9 Responses to “Islamkonferenz: Gegenseitiger Respekt”

  1. frl. on Mai 6th, 2007 17:18

    Nee,

    3,5 Millionen sind aber in Deutschland deutlich mehr als 3% der Bevölkerung! Und in den Schulen sieht die Proportion noch mal deutlich anders aus!

    und was den Respekt vor der Rechtsordnung angeht:
    Gibt es da nicht sowas wie Schulpflicht? Wie wär es denn mit dem Ansatz, einfach wie alle anderen am Schulsport teilzunehmen, wenn es denn aus kulturellen Gründen sein muß, mit Kopftuch und langen Ärmeln?

    Es gibt sehr gute Gründe, Schulsport, Schwimmkurse, Sexaufklärung usw. zu machen – warum sollen die hinter den kulturellen Gründen zurückstehen?

    Rate mal, welche Kinder am häufigsten Probleme mit Übergewicht haben?
    http://www.bkk.de/bkk/pressemitteilungen/powerslave,id,175,nodeid,15.html

    “Respekt der Muslime vor unserer Rechtsordnung, Respekt der Mehrheitsgesellschaft vor ihrer Kultur”
    Da kann man sich drauf einigen, bloß wie es im Konfliktfall gelöst wird, bleibt unklar…

    frl.

  2. Kadir Yücel on Mai 8th, 2007 00:41

    Oops, da habe ich mich wohl genau um 1,345% verrechnet. Jetzt sieht die Situation viel dramatischer aus.

    Die Mehrheit der muslimischen Mädchen nehmen am Sportunterricht teil, auch mit und ohne Kopftuch, mit und ohne langen Ärmel. Ja, es gibt die Schulpflicht, aber es gibt auch die freie Religionsausübung. Ich hatte beim Abitur Sport als Leistungskurs. Frauen und Männer wurden getrennt geprüft und das war noch vor acht Jahren. Die Frauen durften für geleiche Noten weniger werfen, weniger laufen und die Lehrer nahmen mehr “Rücksicht” auf sie. Ist ja auch verständlich. Der sportliche Wettkampf ist per se Geschlechter getrennt. Oder haben Sie schon mal was anderes beobachtet?

    Sie wollen mir doch nicht erzählen, dass der schulische Sportunterricht der Übergewichtigkeit entgegenwirkt! Im Schulunterricht spielt man vielleicht Völkerball und Seilspringen. Und für eine ausreichende Note muss man doch nur anwesend sein. Also dieses Argument ist gar nicht haltbar.

    Im Konfliktfall entscheidet das Grundgesetz! Punkt.

  3. frl. on Mai 9th, 2007 20:02

    Nee,
    macht ja nichts, daß Sie Sich um 45% (bzw. 1,345 Prozentpunkte) verrechnen… weil es ja um Schüler geht, und da wird der muslimische Anteil eher auf 6% (, inklusive Ostdeutschland?) und 8,9% (, ca. 2003?) geschätzt – und daß er in den Städten und in Haupt- und Realschulen nochmal einiges höher ist, wird wohl niemand bezweifeln? Da gibt es dann auch schon mal muslimische Mehrheiten. Und: der muslimische Anteil nimmt zu.

    Das ist ja kein Grund zu Panik oder Paranoia, aber hier ging um Forderungen des KRM, die den koedukativen Sportunterricht abschaffen. In anderen Ländern – Frankreich, Großbritannien – wird muslimischen Schülern eine koedukative Teilnahme in kulturspezifischer Sportkleidung auch zugemutet – warum geht das hier nicht? Warum soll hier – nach Empfehlung des Islam-forum – das tausendmal mit den Eltern diskutiert werden, wieder und wieder ?

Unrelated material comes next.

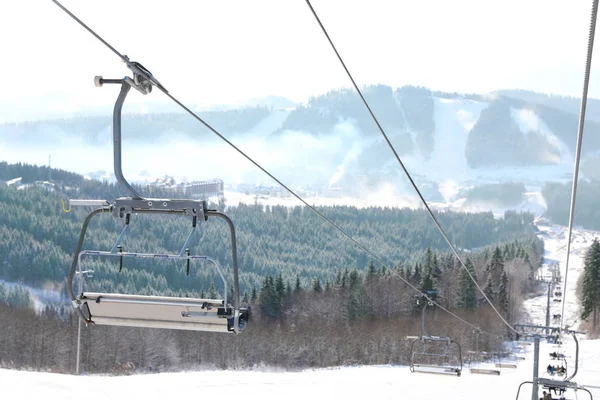 Vackra Bergslandskap Med Chairlift Vintersemester — Stockfoto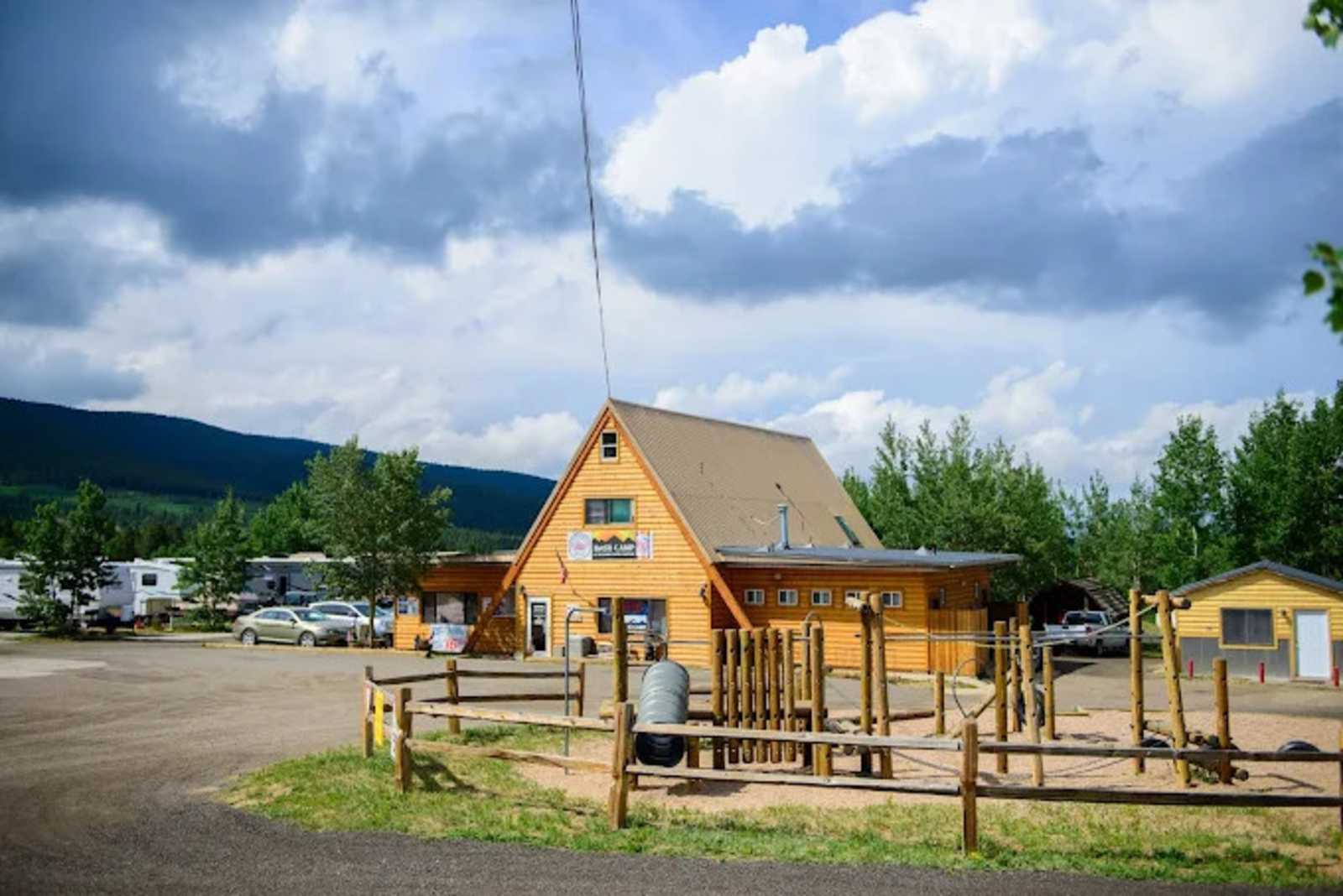 Base Camp at Golden Gate Canyon - Black Hawk, Colorado - glamping.directory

    Knapp die Hälfte der muslimischen Mädchen in Hamburg muß auf Druck ihrer Eltern dem Schwimm- oder Sportunterricht an Schulen fernbleiben oder darf nicht mit auf Klassenreisen gehen.

    “Es sind die muslimischen Väter, die ihren Töchtern die Teilnahme am Schwimmunterricht verbieten.” Die Pädagogen führen immer wieder Gespräche mit diesen Eltern. Eine Lösung gebe es nicht. Beim Sport ist ein Kompromiß gefunden worden: Die Mädchen tragen lange Hosen.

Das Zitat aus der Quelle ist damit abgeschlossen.